WORK TO COMPLETE
Find the line below with "Ein modernes Wohnzimmer" and the line with "Woman using toothpick". Output exactly those lines and everything between them, leaving out the pictures.

DATA TO EXAMINE
━━━━━━

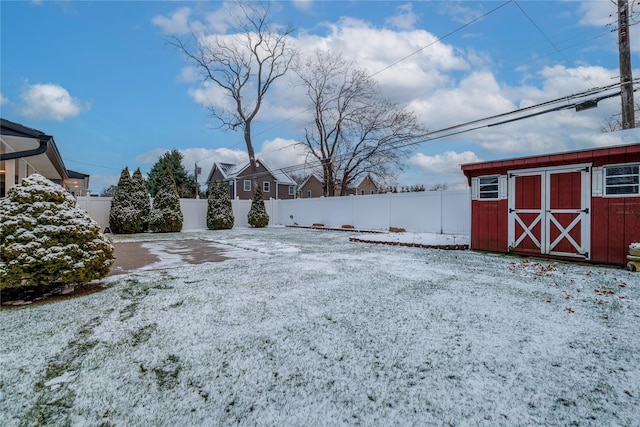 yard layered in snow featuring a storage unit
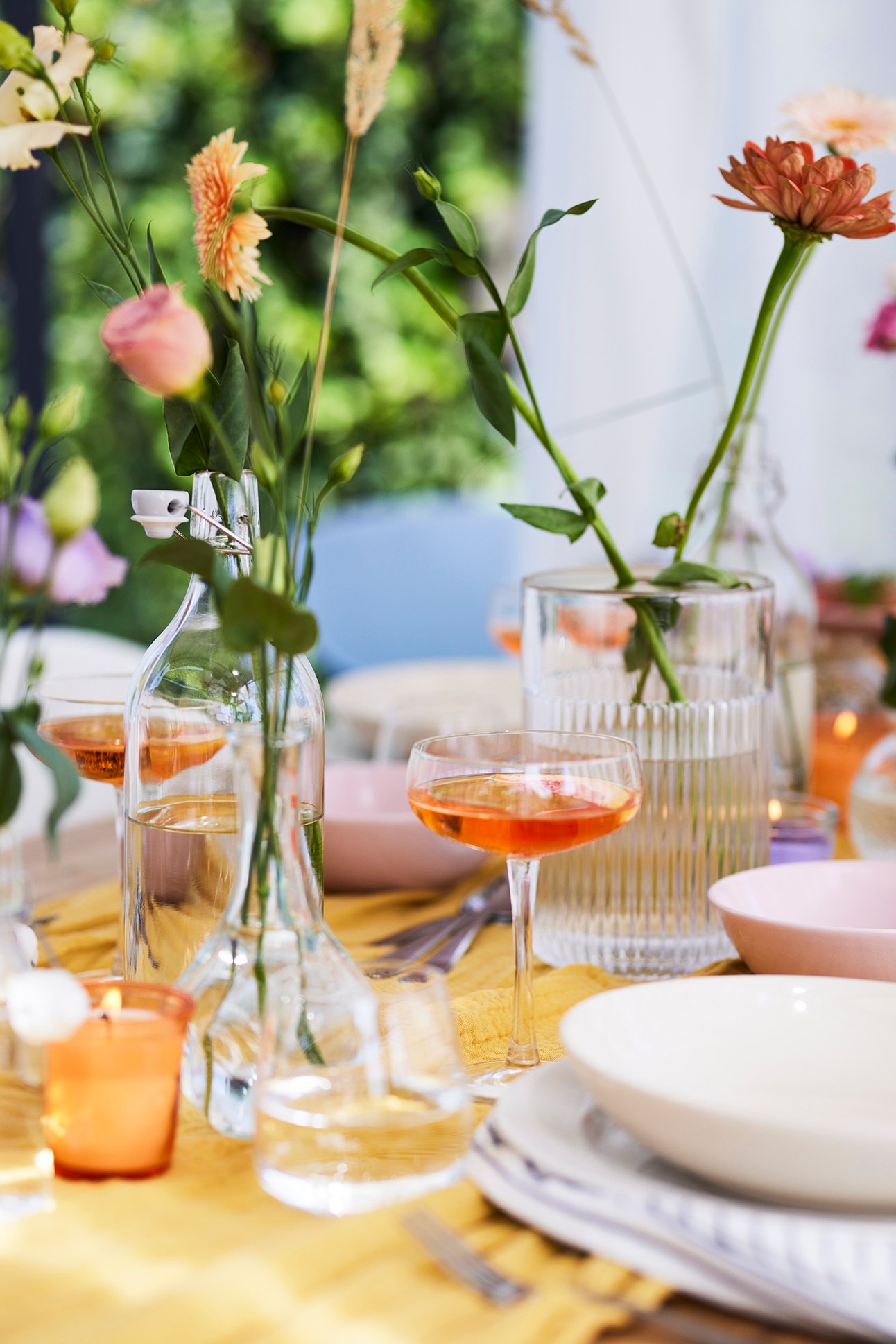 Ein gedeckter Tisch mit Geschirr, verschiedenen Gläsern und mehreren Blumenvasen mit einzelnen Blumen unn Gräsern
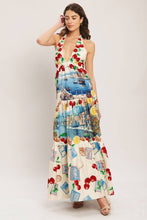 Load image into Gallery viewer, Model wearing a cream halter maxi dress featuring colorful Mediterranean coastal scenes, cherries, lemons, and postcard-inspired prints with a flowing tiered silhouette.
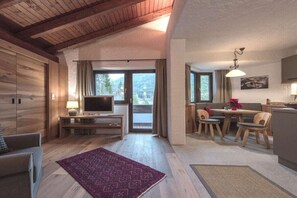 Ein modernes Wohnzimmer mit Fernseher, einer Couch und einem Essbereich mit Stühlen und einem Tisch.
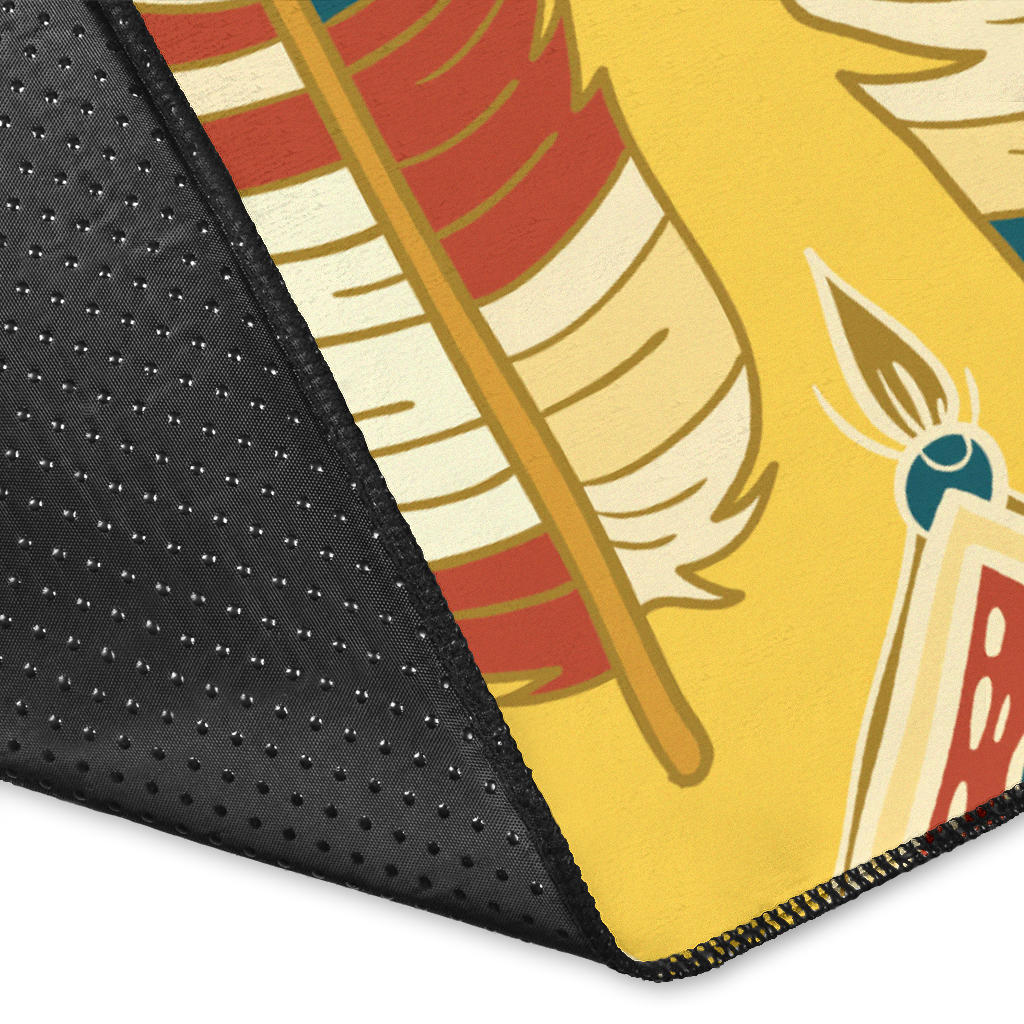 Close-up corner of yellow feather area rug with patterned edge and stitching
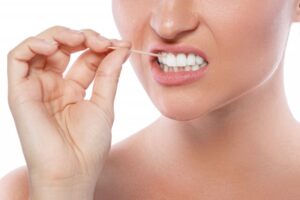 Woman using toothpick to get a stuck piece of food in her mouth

━━━━━━

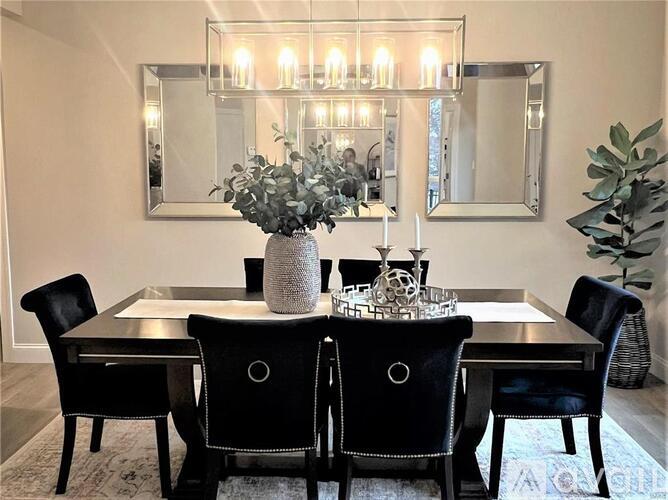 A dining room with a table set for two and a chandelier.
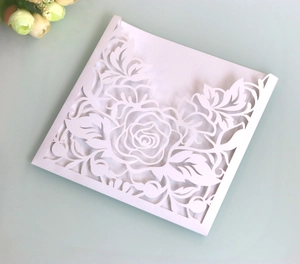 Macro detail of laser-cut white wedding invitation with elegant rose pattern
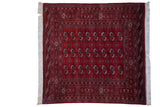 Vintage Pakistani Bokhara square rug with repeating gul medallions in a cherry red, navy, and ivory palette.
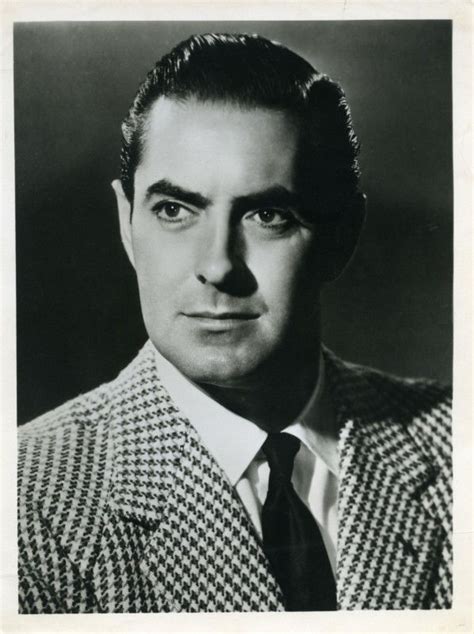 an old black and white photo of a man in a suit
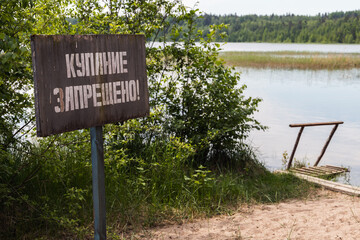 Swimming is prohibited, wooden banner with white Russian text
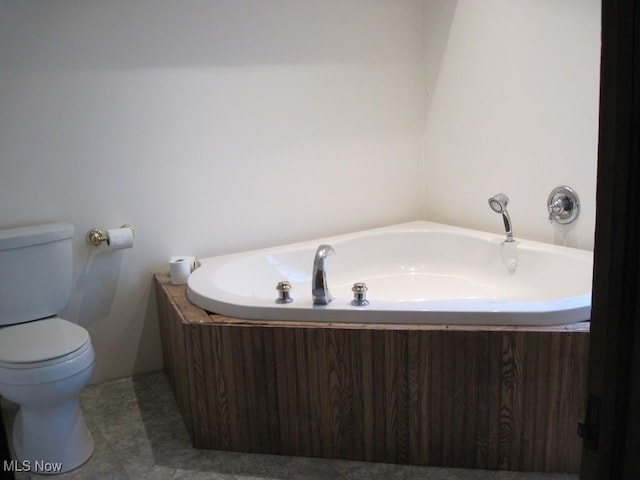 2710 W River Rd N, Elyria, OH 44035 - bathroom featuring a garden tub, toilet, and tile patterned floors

━━━━━━

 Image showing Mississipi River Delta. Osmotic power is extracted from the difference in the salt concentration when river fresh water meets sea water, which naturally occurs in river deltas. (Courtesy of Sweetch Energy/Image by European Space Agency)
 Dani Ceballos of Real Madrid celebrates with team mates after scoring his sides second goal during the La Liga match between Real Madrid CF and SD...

━━━━━━

FINAL ANSWER
 Ein modernes Wohnzimmer mit Fernseher, einer Couch und einem Essbereich mit Stühlen und einem Tisch.
 Close-up corner of yellow feather area rug with patterned edge and stitching
 Woman using toothpick to get a stuck piece of food in her mouth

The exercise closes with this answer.